Otherwise, the moving average is often wont to identify interesting trends within the data. We will define a window to use the moving average model to smooth the statistic, and highlight different trends.
In the plot above, we applied the moving average model to a 24h window. The Green Line smoothed the statistic, and that we can see that there are 2 peaks during a 24h period.
Of course, the longer the window, the smoother the trend is going to be. Below is an example of moving average on a smaller window.
Exponential smoothing uses an identical logic to moving average, but this point, a special decreasing weight is assigned to every observation. In other words, less importance is given to observations as we move beyond this.
alpha is a smoothing factor that takes values between 0 and 1. It determines how fast the weight decreases for previous observations.
From the plot above, the navy line represents the exponential smoothing of the statistic employing a smoothing factor of 0.3, while the orange line uses a smoothing factor of 0.05.
As you’ll see, the smaller the smoothing factor, the smoother the statistic is going to be. This is sensible, because the smoothing factor approaches 0; we approach the moving average model.
Double exponential smoothing
Double exponential smoothing is employed when there’s a trend within the statistic. therein case, we use this system, which is just a recursive use of exponential smoothing twice.
Here, beta is that the trend smoothing factor and it takes values between 0 and 1.
Below, you’ll see how different values of alpha and beta affect the form of the statistic .Tripe exponential smoothing
This method extends double exponential smoothing, by adding a seasonal smoothing factor. Of course, this is often useful if you notice seasonality in some time series.
Tripe exponential smoothing
This method extends double exponential smoothing, by adding a seasonal smoothing factor. Of course, this is useful if you notice seasonality in your time series.
Mathematically, triple exponential smoothing is expressed as:
Where gamma is that the seasonal smoothing factor and L is that the length of the season.
Seasonal autoregressive integraded moving average model (SARIMA)
SARIMA is really the mixture of simpler models to form a posh model which will model statistic exhibiting non-stationary properties and seasonality.
At first, we’ve the auto regression model AR(p). This is often basically a regression of the statistic onto itself. Here, we assume that the present value depends on its previous values with some lag. It takes a parameter p which represents the utmost lag. To seek out it, we glance at the partial autocorrelation plot and identify the lag after which most lags aren’t significant.
In the example below, p would be 4.
Then, we add the moving average model MA(q). This takes a parameter q which represents the most important lag after which other lags aren’t significant on the autocorrelation plot.
Below, q would be 4.
After, we add the order of integration I(d). The parameter d represents the amount of differences required to form the series stationary.

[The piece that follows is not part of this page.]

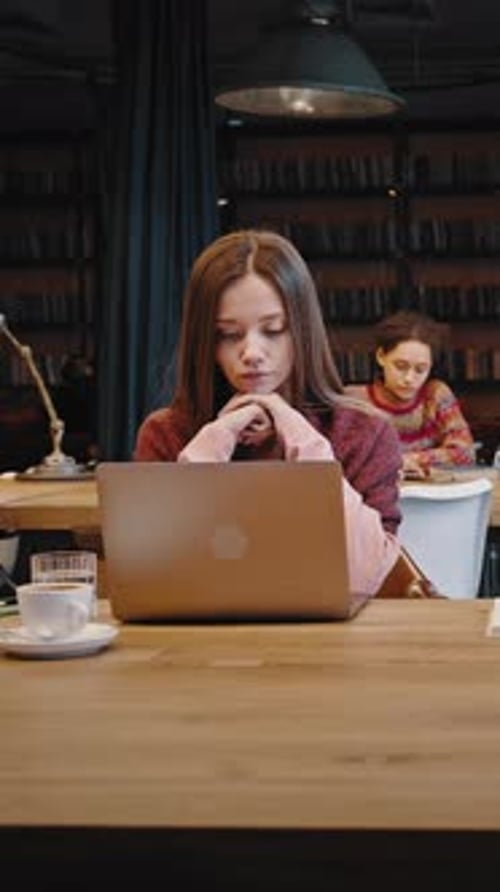 Focused Millennial Students of International University Studying Remotely at Library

Finally, we add the ultimate component: seasonality S(P, D, Q, s), where s is just the season’s length. Furthermore, this component requires the parameters P and Q which are an equivalent as p and q, except for the seasonal component. Finally, D is that the order of seasonal integration representing the amount of differences required to get rid of seasonality from the series.
Combining all, we get the SARIMA(p, d, q)(P, D, Q, s) model.
The main takeaway from this is often that before modeling with SARIMA, we must apply transformations to our statistic to get rid of seasonality and any non-stationary behaviors.